The first essay, “A Bootstrap Granger Causality Test between Exchange Rates and Fundamentals,” uses a bootstrap method to look for reliable evidence of the Granger causality relationship from exchange rate to fundamentals. This essay is in response to the finding of the statistically significant Granger causality relationship based on the asymptotic test procedure in the previous literature, which is taken as evidence for the present value model for the exchange rate. However, bootstrap test results show evidence against the finding in the previous work. Monte Carlo experiments suggest that the asymptotic Granger causality test in the previous study tends to spuriously reject the null hypothesis, and the evidence based on the asymptotic test for the present-value model is very likely due to small-sample problems. Thus, the evidence of the present-value model for exchange rates based on the bootstrap implementation is weak.

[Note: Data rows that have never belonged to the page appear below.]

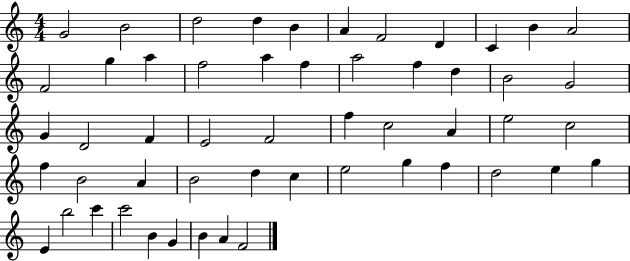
{
  \clef treble
  \numericTimeSignature
  \time 4/4
  \key c \major
  g'2 b'2 | d''2 d''4 b'4 | a'4 f'2 d'4 | c'4 b'4 a'2 | \break f'2 g''4 a''4 | f''2 a''4 f''4 | a''2 f''4 d''4 | b'2 g'2 | \break g'4 d'2 f'4 | e'2 f'2 | f''4 c''2 a'4 | e''2 c''2 | \break f''4 b'2 a'4 | b'2 d''4 c''4 | e''2 g''4 f''4 | d''2 e''4 g''4 | \break e'4 b''2 c'''4 | c'''2 b'4 g'4 | b'4 a'4 f'2 | \bar "|."
}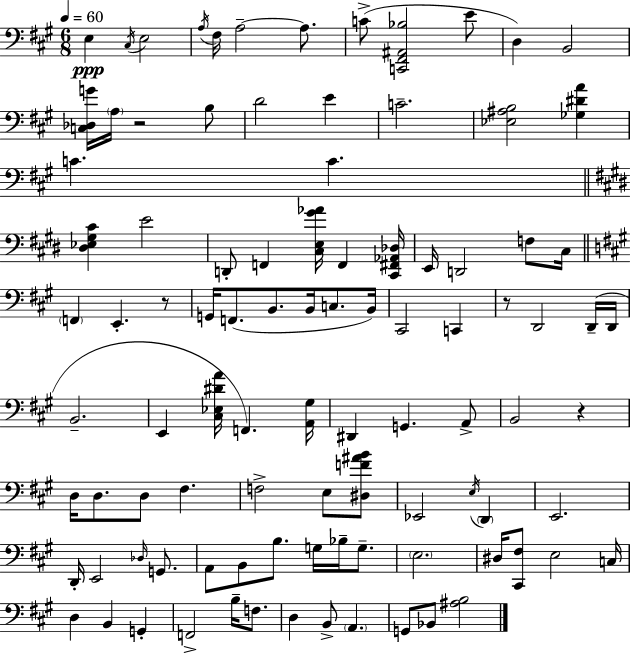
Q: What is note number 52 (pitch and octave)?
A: E3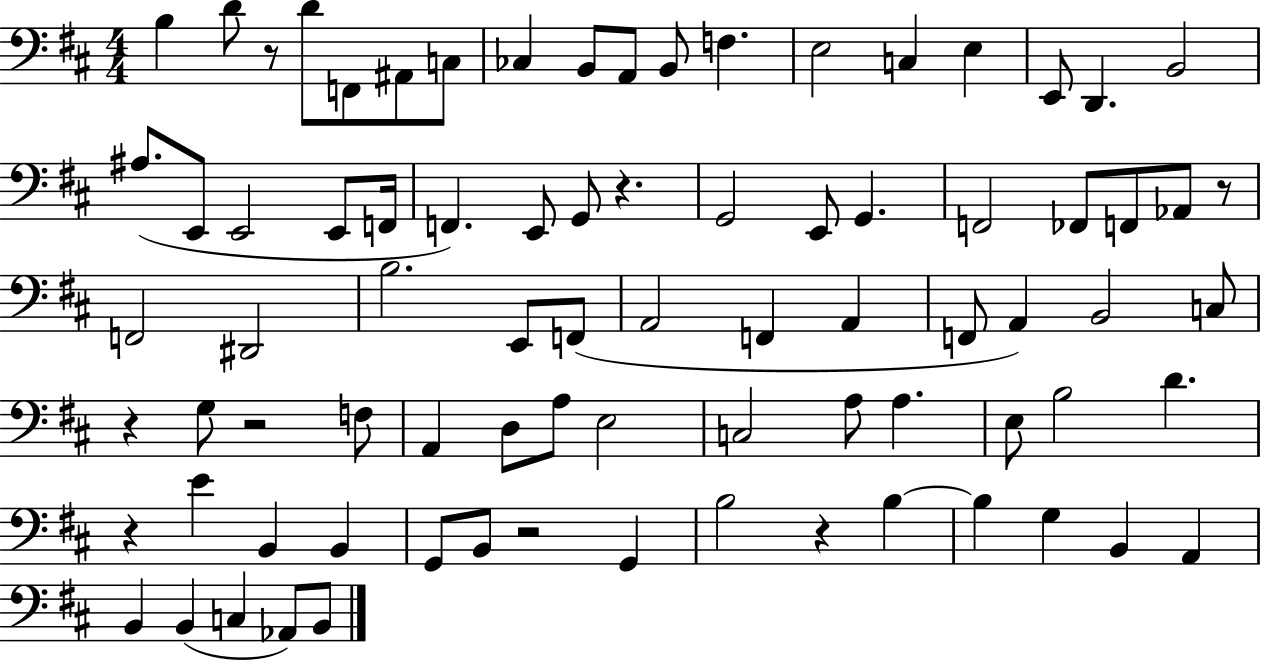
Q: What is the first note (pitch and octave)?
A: B3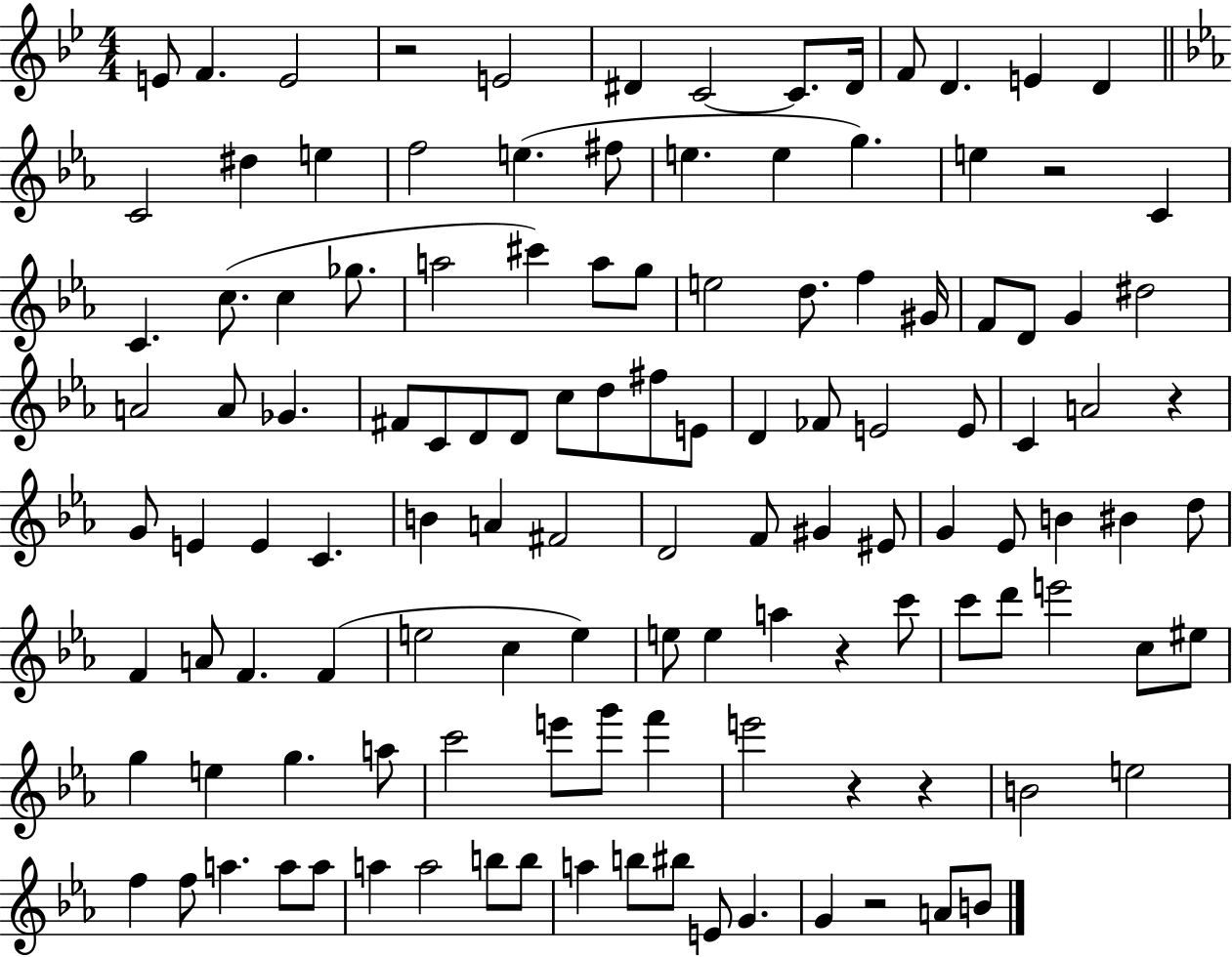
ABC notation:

X:1
T:Untitled
M:4/4
L:1/4
K:Bb
E/2 F E2 z2 E2 ^D C2 C/2 ^D/4 F/2 D E D C2 ^d e f2 e ^f/2 e e g e z2 C C c/2 c _g/2 a2 ^c' a/2 g/2 e2 d/2 f ^G/4 F/2 D/2 G ^d2 A2 A/2 _G ^F/2 C/2 D/2 D/2 c/2 d/2 ^f/2 E/2 D _F/2 E2 E/2 C A2 z G/2 E E C B A ^F2 D2 F/2 ^G ^E/2 G _E/2 B ^B d/2 F A/2 F F e2 c e e/2 e a z c'/2 c'/2 d'/2 e'2 c/2 ^e/2 g e g a/2 c'2 e'/2 g'/2 f' e'2 z z B2 e2 f f/2 a a/2 a/2 a a2 b/2 b/2 a b/2 ^b/2 E/2 G G z2 A/2 B/2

The second essay, “Exchange Rate Predictability under the Present Value Model,” uses the Monte Carlo simulations to explore exchange rate predictability under the present-value model so as to evaluate the implication of the present value model. This paper discusses how forces from fundamentals and the discount factor in the present-value model affect exchange rate change over different time horizons in the opposing directions. The simulation results show that highest rejection rates of the out-of-sample statistic are mostly found in the medium forecast horizon. This finding suggests that the force from the discount factor dominates the out-of-sample exchange rate change in the middle forecast horizon, and also implies that exchange rate predictability does exist in the present-value model.

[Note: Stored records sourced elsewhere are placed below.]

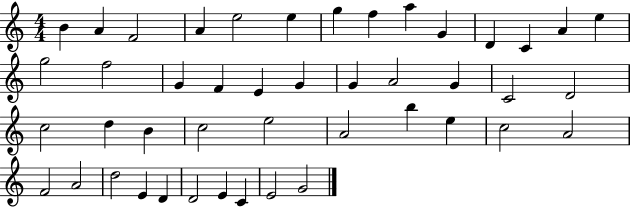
B4/q A4/q F4/h A4/q E5/h E5/q G5/q F5/q A5/q G4/q D4/q C4/q A4/q E5/q G5/h F5/h G4/q F4/q E4/q G4/q G4/q A4/h G4/q C4/h D4/h C5/h D5/q B4/q C5/h E5/h A4/h B5/q E5/q C5/h A4/h F4/h A4/h D5/h E4/q D4/q D4/h E4/q C4/q E4/h G4/h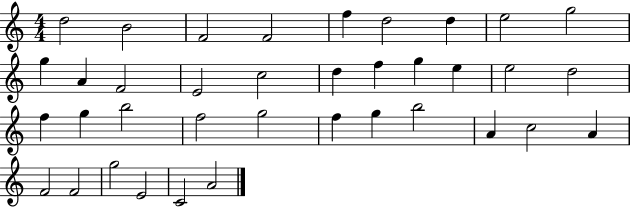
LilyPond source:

{
  \clef treble
  \numericTimeSignature
  \time 4/4
  \key c \major
  d''2 b'2 | f'2 f'2 | f''4 d''2 d''4 | e''2 g''2 | \break g''4 a'4 f'2 | e'2 c''2 | d''4 f''4 g''4 e''4 | e''2 d''2 | \break f''4 g''4 b''2 | f''2 g''2 | f''4 g''4 b''2 | a'4 c''2 a'4 | \break f'2 f'2 | g''2 e'2 | c'2 a'2 | \bar "|."
}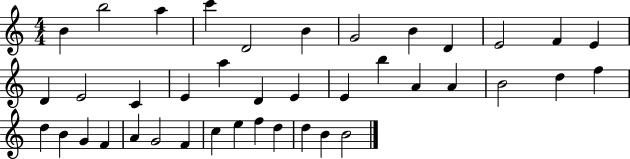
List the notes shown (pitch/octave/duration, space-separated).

B4/q B5/h A5/q C6/q D4/h B4/q G4/h B4/q D4/q E4/h F4/q E4/q D4/q E4/h C4/q E4/q A5/q D4/q E4/q E4/q B5/q A4/q A4/q B4/h D5/q F5/q D5/q B4/q G4/q F4/q A4/q G4/h F4/q C5/q E5/q F5/q D5/q D5/q B4/q B4/h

The third essay, “k-Quarter Differences Exchange Rate Predictability with an Adjusted Out-of-Sample Test Statistic,” uses the real data to evaluate out-of-sample exchange rate predictability implication of the present-value model with an adjusted test statistic. The adjusted test statistic is designed to prevent the bias in the out-of-sample traditional statistic for the nested models. The results show that the exchange rate is predictable mostly at middle forecast horizon based on both the asymptotic distribution and the bootstrap distribution. The empirical findings are consistent with the implication of the present-value model found in the second essay, and therefore provide supporting evidence for the present-value model.